Similarly, in the Arctic, we are working together to safeguard this delicate region. This past May, Sweden concluded its highly successful chairmanship of the Arctic Council – a success we hope to emulate when the US becomes chair in 2015. Last month, I traveled to the Abisko Scientific Research Station, where 110 years of data demonstrate the effects of a warming climate on the Arctic. At the station, I attended a workshop with Fulbright scholars to discuss climate change, governance, and security in the Arctic. US Secretary of State John Kerry said it best earlier this year at the Arctic Council Ministerial in Kiruna: “There is nothing that should unite us quite like our concern for both the promise and the challenges of the northern-most reaches of the earth.”
Promoting human rights and democracy is another shared priority.
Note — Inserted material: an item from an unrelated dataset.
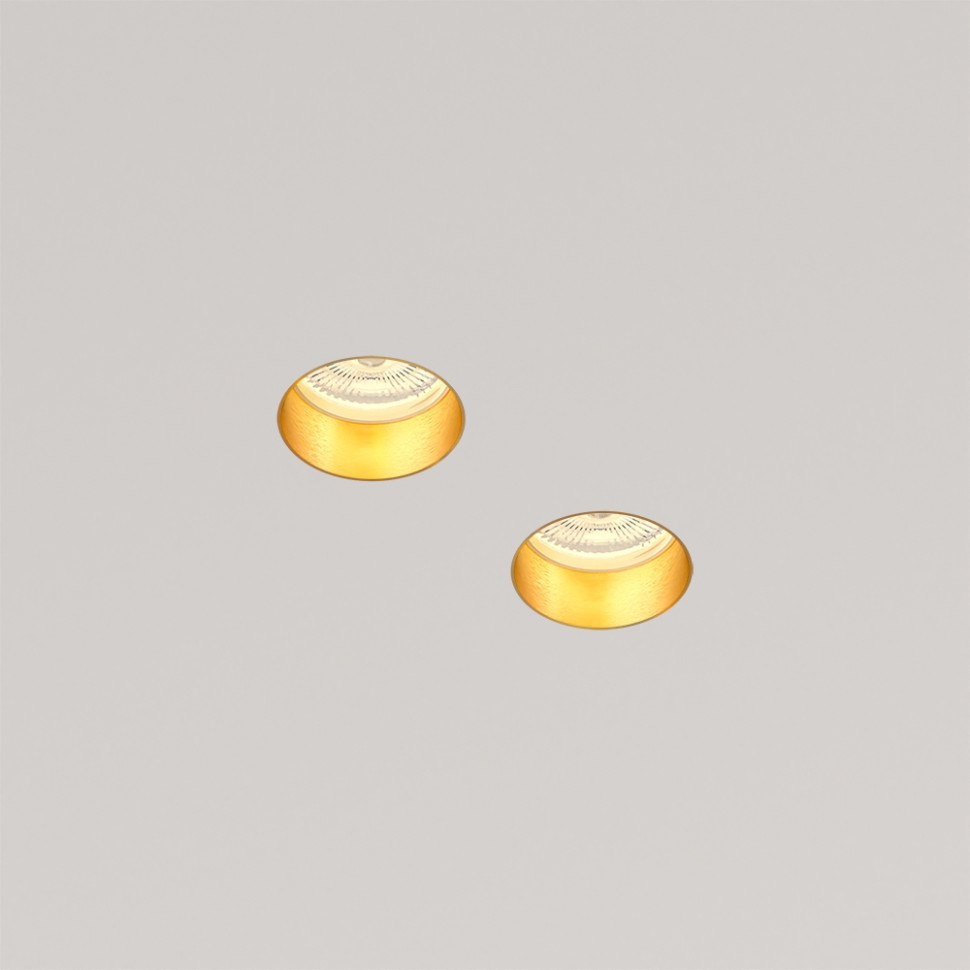 STELLANOVA QUASAR 55 DUO FLAT BRASS SN 211 светильник встраиваемый гипсовый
As former US Secretary of State Clinton noted during her June 2012 visit to Stockholm, “Sweden brings its diplomatic heft and its development expertise to nearly every corner of the globe.” In both Afghanistan and Kosovo, Sweden has worked alongside the United States and our Nato allies and partners to support stability and prosperity. We also cooperate closely on development assistance. Just last week, Dr. Raj Shah, the head of the US Agency for International Development (USAID), visited Sweden to sign two partnerships: one with the Swedish International Development Agency (Sida) for 2.6 billion kronor ($397 million) over five years for collaborative development projects and another with both Sisa and Volvo Group to provide vocational training in Sub-Saharan Africa.
Around the world, Sweden and the United States are following the legacy of the heroic Swedish diplomat Raoul Wallenberg, who saved tens of thousands of Jews during World War II by refusing to be indifferent and advancing the rights of women, gays and lesbians, and others who are persecuted or oppressed. During his recent visit, President Obama also highlighted Wallenberg’s legacy at a commemoration ceremony in Stockholm’s Great Synagogue.
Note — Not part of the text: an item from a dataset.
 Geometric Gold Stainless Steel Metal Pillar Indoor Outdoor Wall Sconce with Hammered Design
Our cooperation in safeguarding the climate and promoting democracy and human rights is mirrored by our common commitment to advancing economic prosperity. Globally, with half the world living on less than 16 kronor a day, we aim to expand economic opportunity not only through development programmes, but also through increased access to markets and freer and fairer trade.
At the same time, our solid commercial relationship is expanding economic opportunity and creating jobs in Sweden and the United States. Our annual bilateral trade in goods and services is valued at over 162 billion kronor. Sweden is the 13th largest investor in the US and the 273 billion kronor of cumulative Swedish investment has created nearly 200,000 jobs in the United States. The US is also one of the largest investors in Sweden, responsible for an estimated 75,000 jobs. These numbers are good, but they can get better. That’s one reason why the United States and Sweden are two of the strongest advocates for the Transatlantic Trade and Investment Treaty – the proposed free-trade agreement between the United States and European Union. The US embassy has also brought together many leading US and Swedish business representatives. We have supported numerous trade delegations over the past two years from Alabama, Virginia, California, and Minnesota as well as from several US cities.
In closing, on this Thanksgiving Day in the US, I’d like to echo the words of President Obama: “I want to thank Sweden and the Swedish people for being such strong partners in pursuit of these values that we share.”
I’m thankful for the opportunity to advance our strong relationship to new levels over the past two years and look forward to continuing our hard work in deepening and expanding our relationship during the rest of my tenure as ambassador here in Sweden.